You’ll refer to these levels later, so write them down.

Solution 4. To see which departments have higher workplace pride than others, look for the dots that correspond to larger values on the y axis showing wp.

Eyeballing the plot from the previous solution, it looks to me like FSA and UKSA might have higher workplace pride than other departments. And when looking for smaller values on the y axis, I see that OFQUAL looks like it has pretty low workplace pride scores compared to the others.

To see which departments have a stronger effect of employment length on workplace pride, try to imagine how steep the line would be that correlates employment_length with wp. In other words: As employment_length increases, how fast does wp appear to decrease?

To me, it looks to me like OFSTED and CPS have slopes that might be a bit steeper. That is, their wp seems to decrease faster than in other departments.

Question 5

Now we’ll fit a linear mixed model to this data.

We want to estimate the effects of employment length and seniority on workplace pride. Therefore, we know that our fixed effects will be wp ~ employment_length + seniority.

The model should include random intercepts by the grouping variable, as well as random slopes by that variable over both predictors. Fill in the ... blanks in the R code below with the appropriate values and variable names.

wp_lmm <- lmer(
  wp ~ employment_length + seniority + (... + ... + ... | ...), 
  data = wp_data
)

🗂️ See Add random effects to a model formula flash card.

Solution 5.

wp_lmm <- lmer(
  wp ~ employment_length + seniority + (1 + employment_length + seniority | dept), 
  data = wp_data
)

Let’s look at the term (1 + employment_length + seniority | dept) piece by piece:

  • First, the right-hand side of the term (the bit after the vertical line |) is dept. Therefore the model will find adjustments to the fixed effects for each distinct level of dept.
  • Now, looking at the left-hand side (the bit before the vertical line |:
    • The 1 means that the model will estimate adjustments to the fixed intercept by dept (aka “random intercepts”).
    • The + employment_length means that the model will ALSO estimate adjustments to the fixed slope over employment_length by dept (aka “random slopes over employment_length”).
    • And the + seniority means that the model will ALSO estimate adjustments to the fixed slope over seniority by dept (aka “random slopes over seniority”).

Question 6

Plot the random effects estimated by wp_lmm using dotplot.ranef.mer().

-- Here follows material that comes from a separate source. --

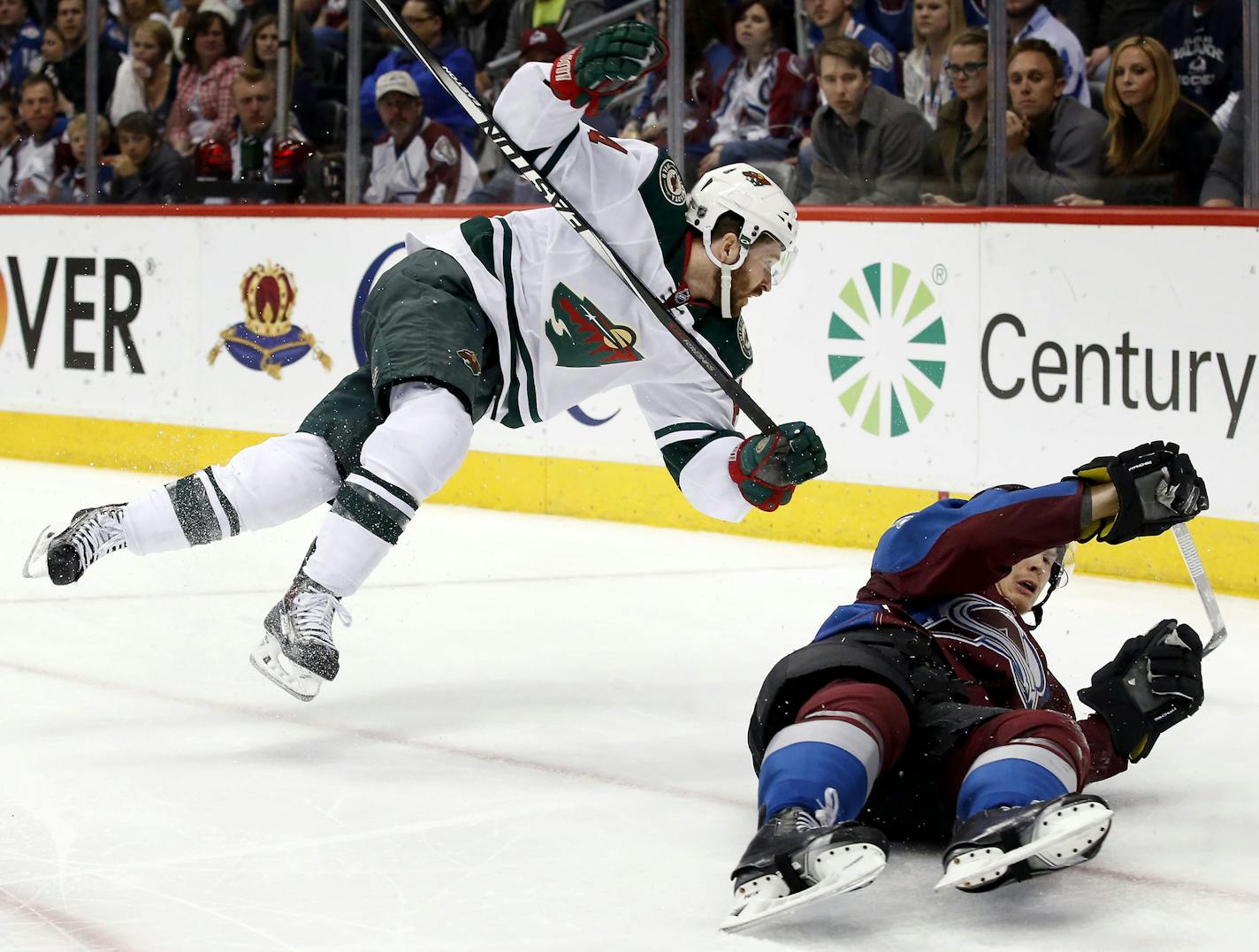 Justin Fontaine (14) and Nick Holden (2) collided in the third period. ] CARLOS GONZALEZ cgonzalez@startribune.com - April 26, 2014, Denver, Colorado, Pepsi Center, NHL, Minnesota Wild vs. Colorado Avalanche, Stanley Cup Playoffs round 1, Game 5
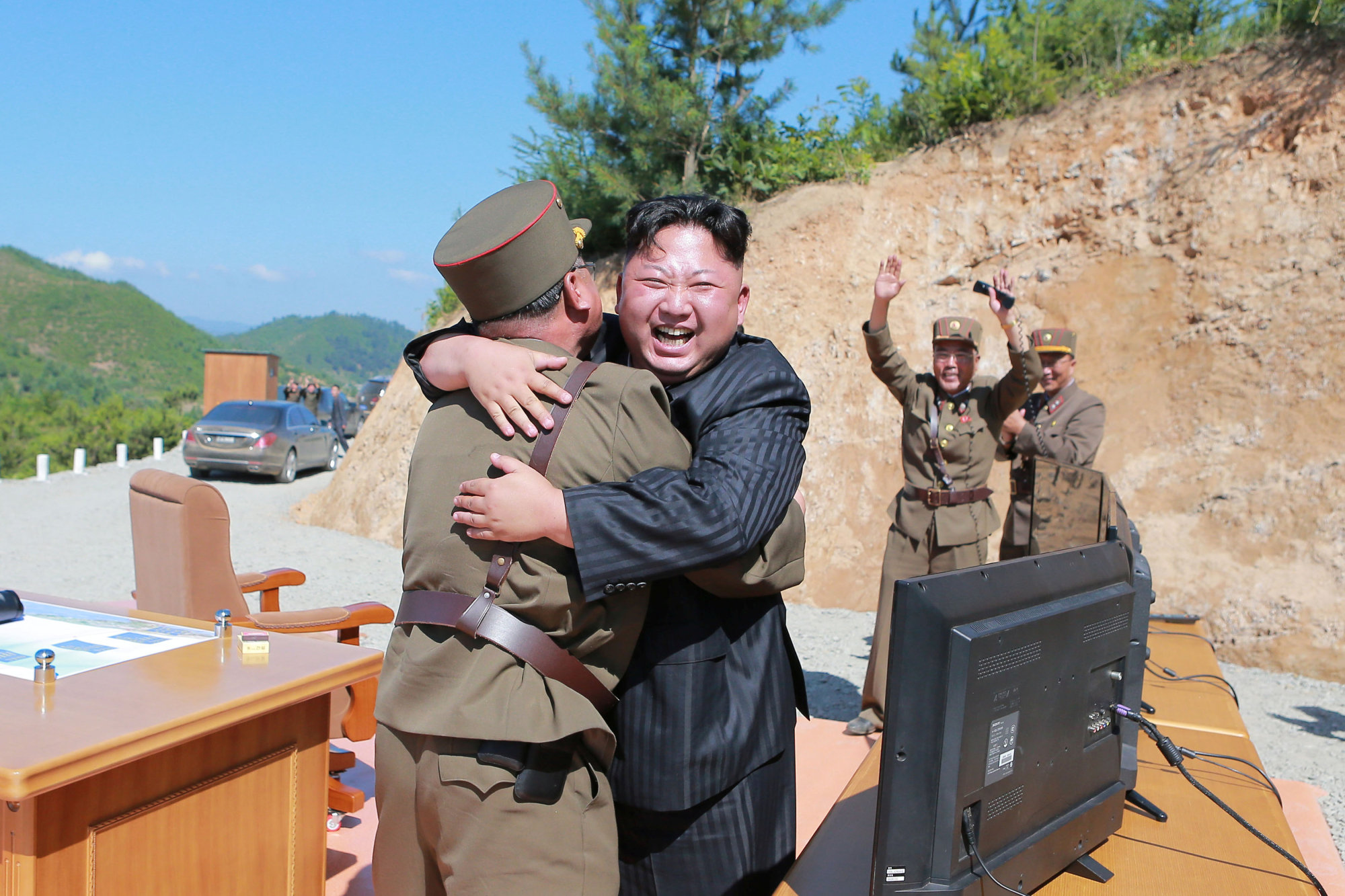 North Korean leader Kim Jong Un reacts with scientists and technicians of the country's Academy of Defense Science after the test-launch of the Hwasong-14 intercontinental ballistic missile Tuesday. | KCNA / VIA REUTERS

🗂️ See Plot random effects flash card.

Solution 6.

dotplot.ranef.mer(ranef(wp_lmm))$dept

A little trick from the flash cards: to “zoom in” on the slope adjustments, you can modify the scales= argument, which will tell dotplot.ranef.mer() to scale each panel differently.

dotplot.ranef.mer(
  ranef(wp_lmm),
  scales = list(x = list(relation = 'free'))  # allow scales of subplots to vary
)$dept

Question 7

Imagine you were including this dotplot of random effects in a report, and you had write a caption to describe it to your reader. Write one sentence per panel to tell the reader what is being displayed in each panel, and make sure to include what the dots/error bars represent.

Solution 7. One example:

  • The (Intercept) panel shows the adjustments to the fixed intercept for each UK government department (each dot represents the adjustment estimate and the error bars represent its 95% CI).
  • The employment_length panel shows the adjustments to the fixed slope over employment_length for each UK government department.
  • The seniority panel shows the adjustments to the fixed slope over seniority for each UK government department.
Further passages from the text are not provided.